Certainly, Naftali Bennett has plenty to be excited about. As the 40-year-old leader of Habayit Hayehudi (The Jewish Home), he has not only revitalized that ultra-nationalist, religious party, but perhaps the entire Israeli political right.
Bennett has virtually no chance of becoming prime minister when Israeli voters go to the polls on Tuesday. That job will almost certainly go to the incumbent, Benjamin Netanyahu.
But in this election campaign, the newcomer has consistently eclipsed many veteran politicians. His party threatens to end up in a strong third place — going from its current three seats in the 120-seat Knesset to as many as 15, if the polls are right.
Those same polls predict a significant drop for Netanyahu's Likud-Yisrael Beiteinu bloc, a loss of more than half a dozen seats, though probably not enough to cost him first place — or his job.
In Bennett's case, it is his past that has inspired supporters: hi-tech entrepreneur and millionaire, former elite commando in the Israeli military, and leader of the Jewish settler movement in the occupied territories.
But it is his present political positions that have raised eyebrows — both here and abroad.

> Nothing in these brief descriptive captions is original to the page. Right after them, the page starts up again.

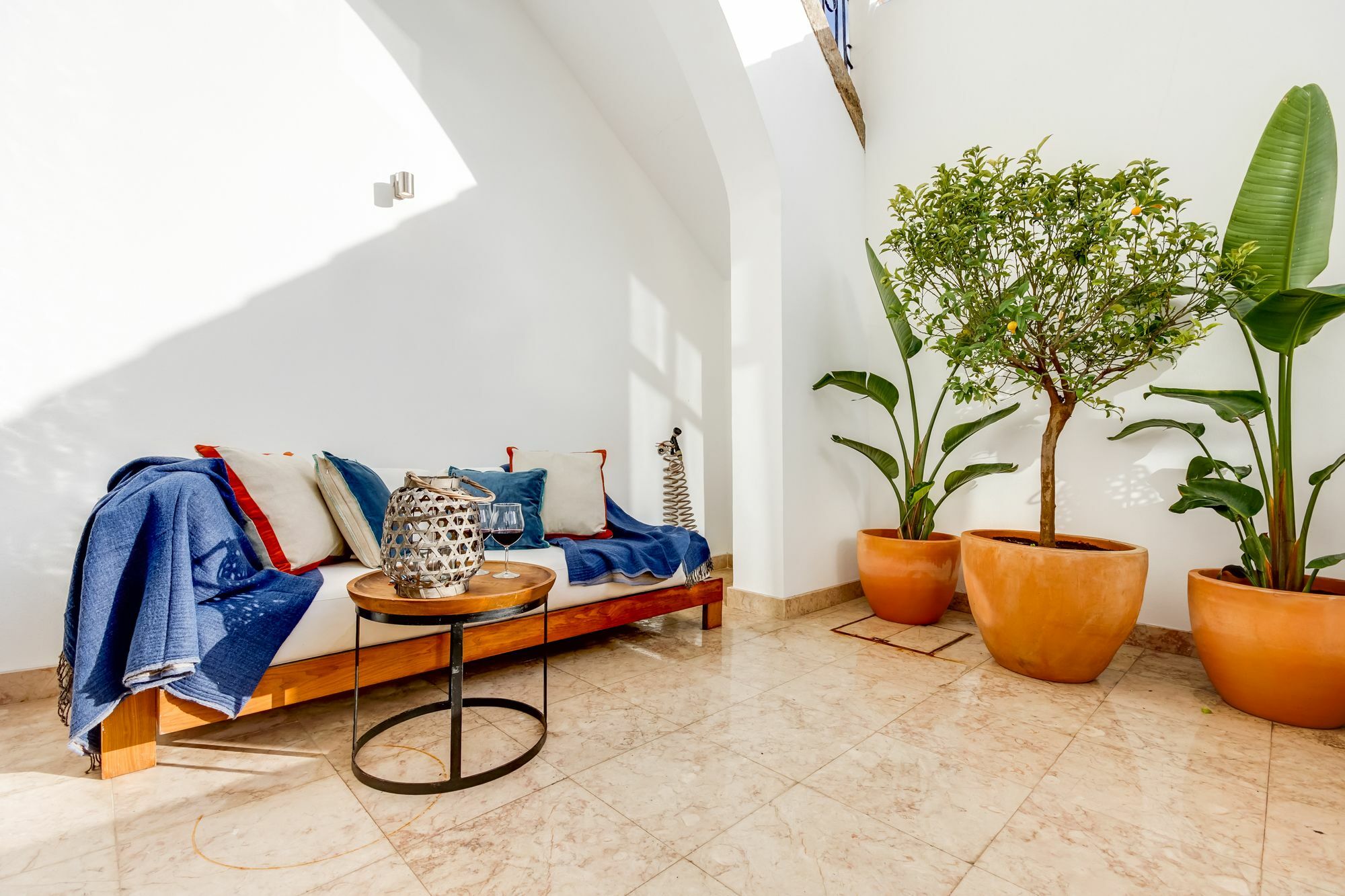 Apartment Sweet - Chiado Luxury Lissabon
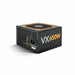 Power supply Nox-Xtreme NXURVX650BZ ATX 650 W 80 Plus Bronze - Компютър Мрежи и компоненти<<<Компютри|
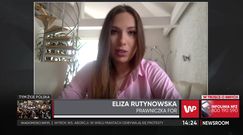 Rutynowska o zatrzymaniach. Prawniczka ma apel do władz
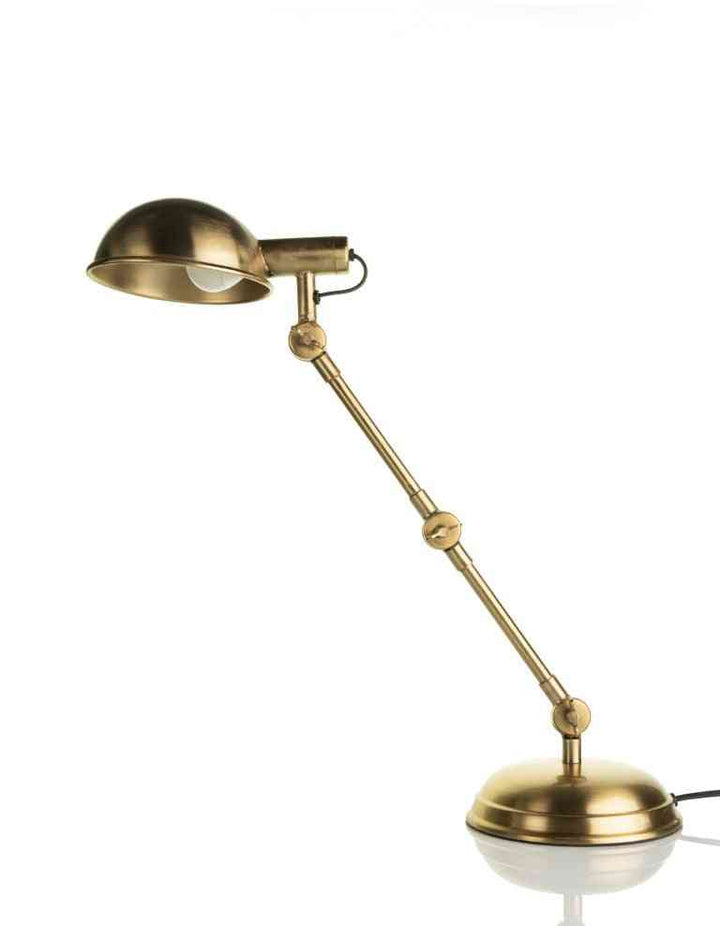 Fergal Poulsen Adjustable Glow | Sleek Task Lamp for Modern Workspaces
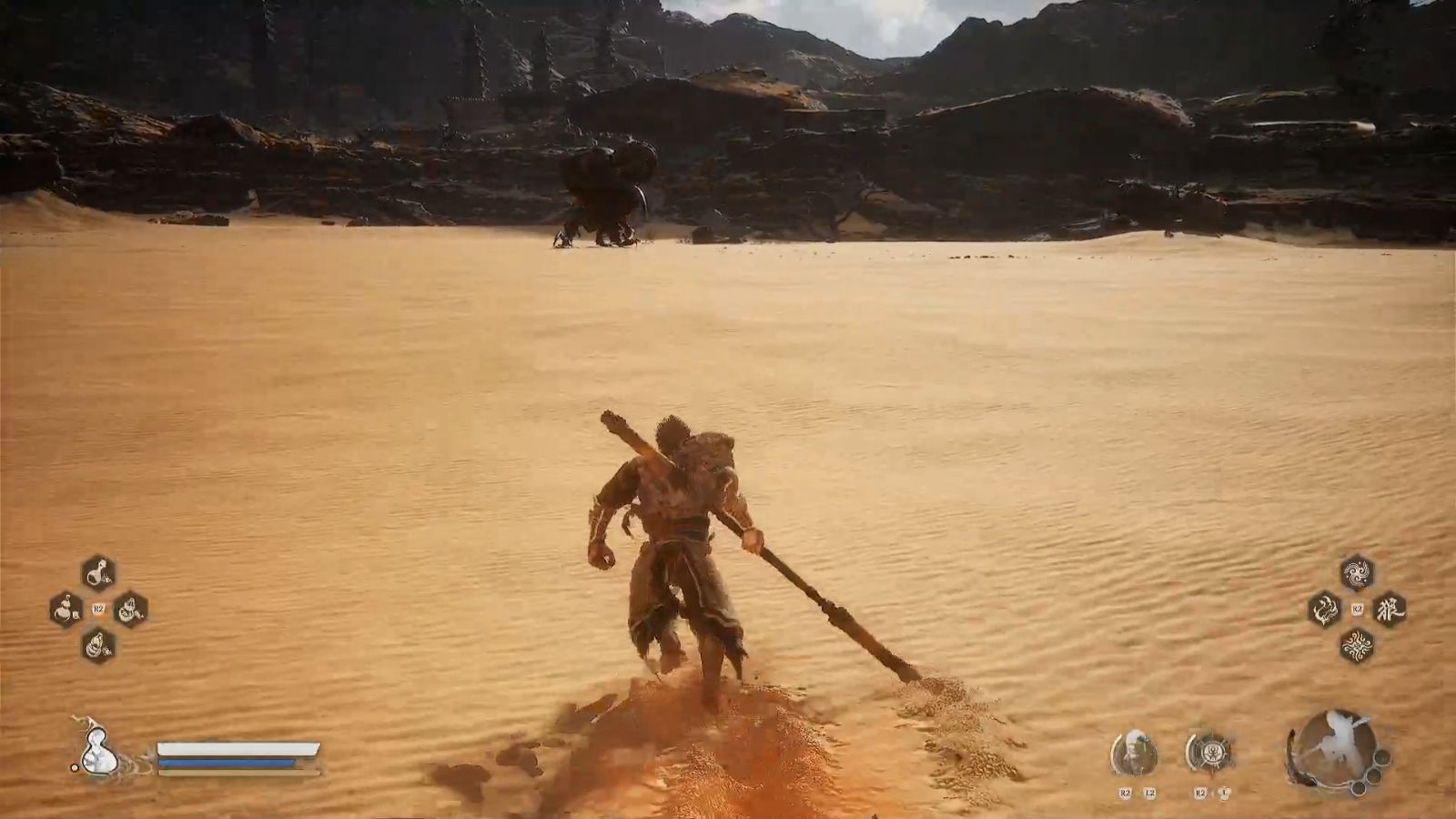 黑神话悟空定风珠，黑神话悟空武器大全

Put bluntly, the way Bennett usually puts things himself, he doesn’t think the Palestinians should have their own state.
"I believe if a Palestinian state would be founded there would be eternal strife," he says. "A miserable life for the next 200 years between us and the Palestinians.
"Because every time in the past 20 years that we handed over land either with an agreement or without an agreement, unilaterally, we got as a result war and misery for both sides."

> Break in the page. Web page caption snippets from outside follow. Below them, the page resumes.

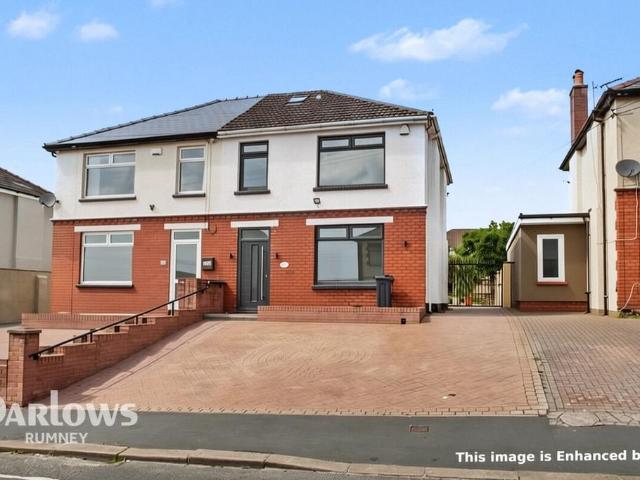 House for sale in Falcon Lodge, Wales
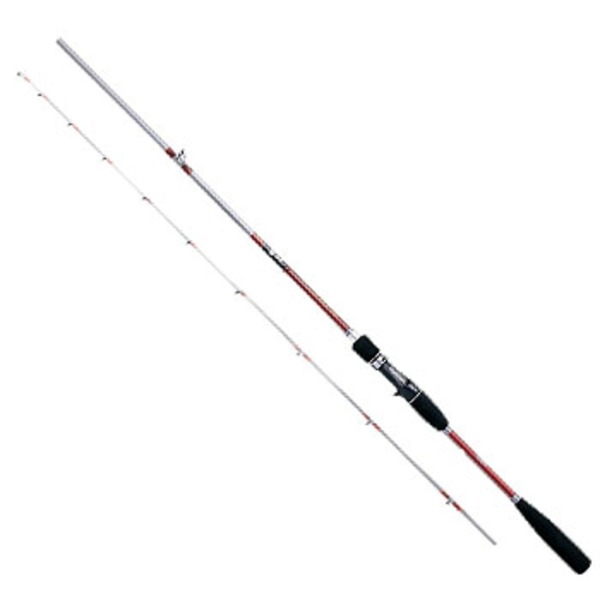 シマノ(SHIMANO) 炎月 一つテンヤマダイ パワースペック B240MH 243553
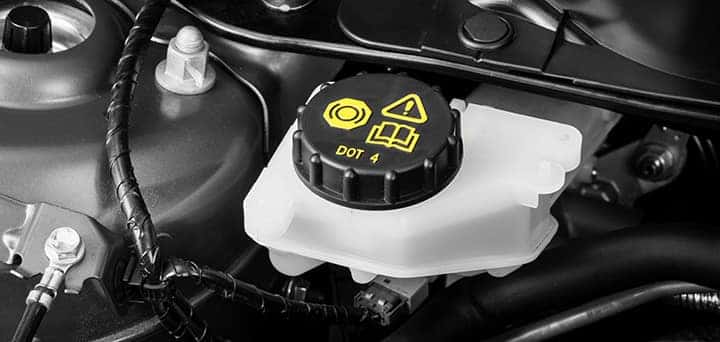 How Often Should I Change My Brake Fluid?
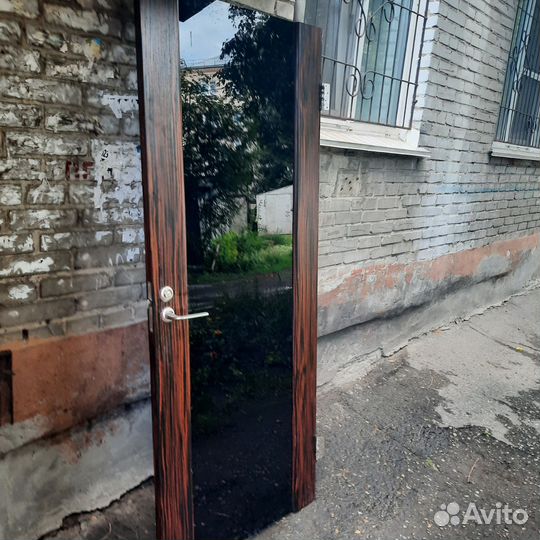 Двери межкомнатные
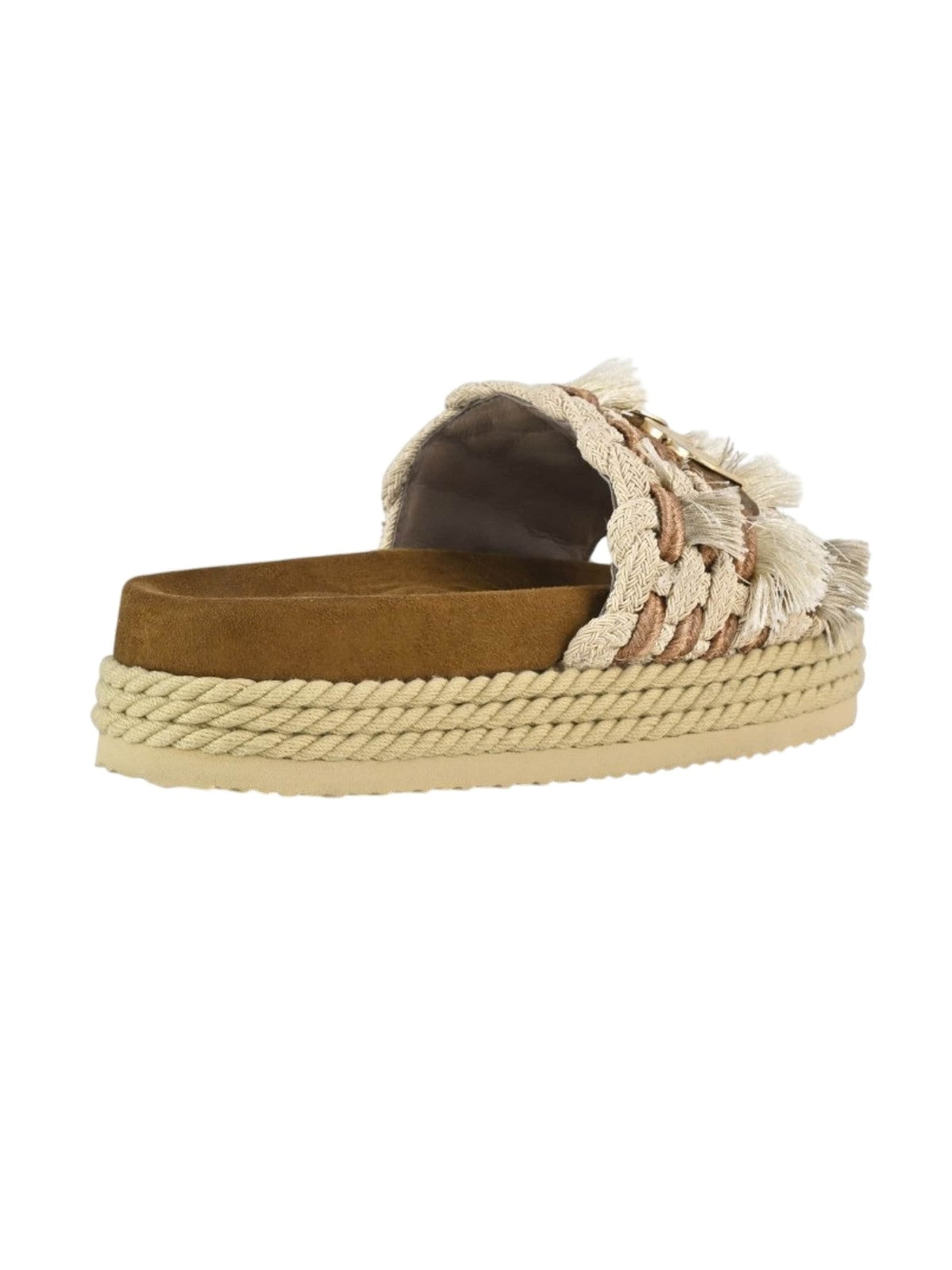 MOU Muiltjes in Beige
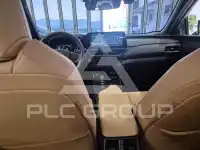 2026 Lexus UX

With a two-state solution, as the West has been seeking for decades now, Israel would be left feeble and weak, Bennett says. Palestinians "are just going to shoot missiles at us, you don’t have to be a genius to see it."
Instead, he proposes that Israel unilaterally annex most of the West Bank, an area the whole world — including Israel itself — considers under temporary military occupation. It is controlled by Israeli troops until that elusive peace deal can finally draw permanent boundaries for the two independent countries.

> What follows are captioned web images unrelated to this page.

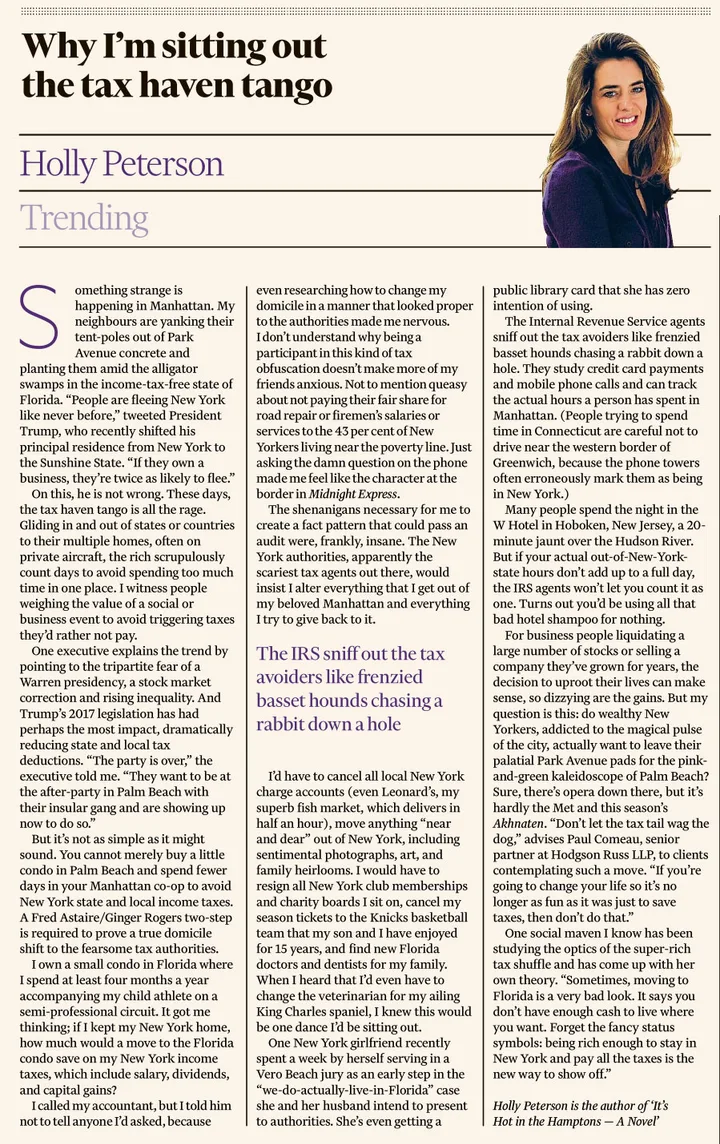 Original article scan, page 1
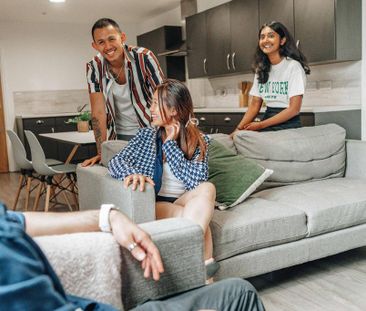 1 bedroom private hall to rent - Photo 5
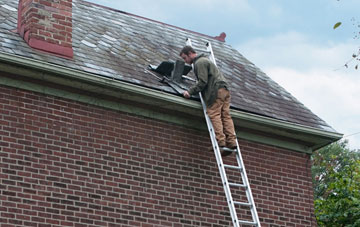 what affects urgent Nene Terrace roof repairs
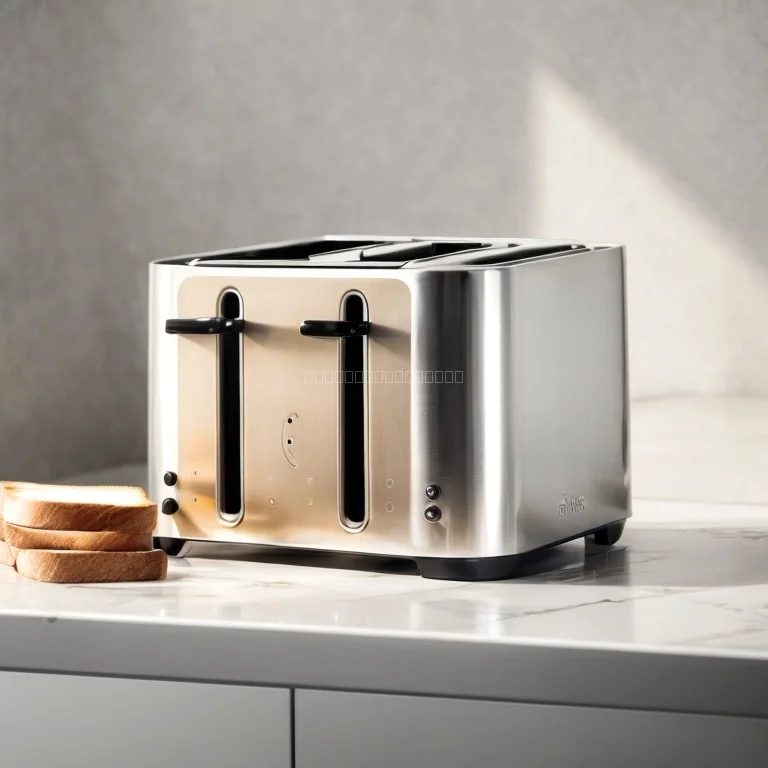 Smartphone-App mit ToastIntuit Oberfläche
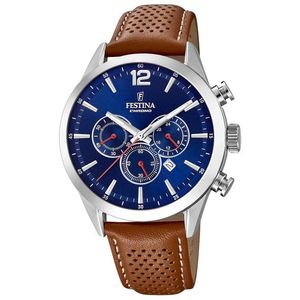 Festina Timeless Chronograph 20542/3 obraz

Under Bennett's plan, Jewish settlements in the West Bank, home to some 400,000 settlers, would become a permanent part of Israel, along with any areas deemed militarily important. That includes a huge swath of the Jordan Valley, all along the Dead Sea and the Jordan River.
Major Palestinian centres like Ramallah and Jericho would be under local administration, though ultimately under Israeli control, much like they are now.
That approach would be a radical departure from Israel's longstanding official position, supporting two states. It is also too radical for some Israeli voters, who say it would draw more international criticism and further isolate their country.
Others though, frustrated by the lack of any other progress and frightened by the recent missile attacks from Palestinian militants in Gaza, have warmed to Bennett's frankness. And Netanyahu himself has sent mixed messages.
The prime minister says he supports a Palestinian state in principle, but his critics have long accused him of doing everything possible to stymie negotiations and prolong deadlock.
Bennett's popularity, however, isn’t the only thing pushing Israeli politics further to the right this time out, making its rhetoric more nationalistic.
Shortly before the election was called in October, Netanyahu announced an unexpected merger between his party, Likud, and Yisrael Beiteinu, a party that counts on secular, Russian Jews for its main support.
Yisrael Beiteinu is considered more nationalist and more right-wing than Likud, and its leader, Avigdor Leiberman, more extreme in his comments against Palestinians. Leiberman stepped down as Netanyahu's foreign minister last month, after being charged with fraud, but he continues to campaign.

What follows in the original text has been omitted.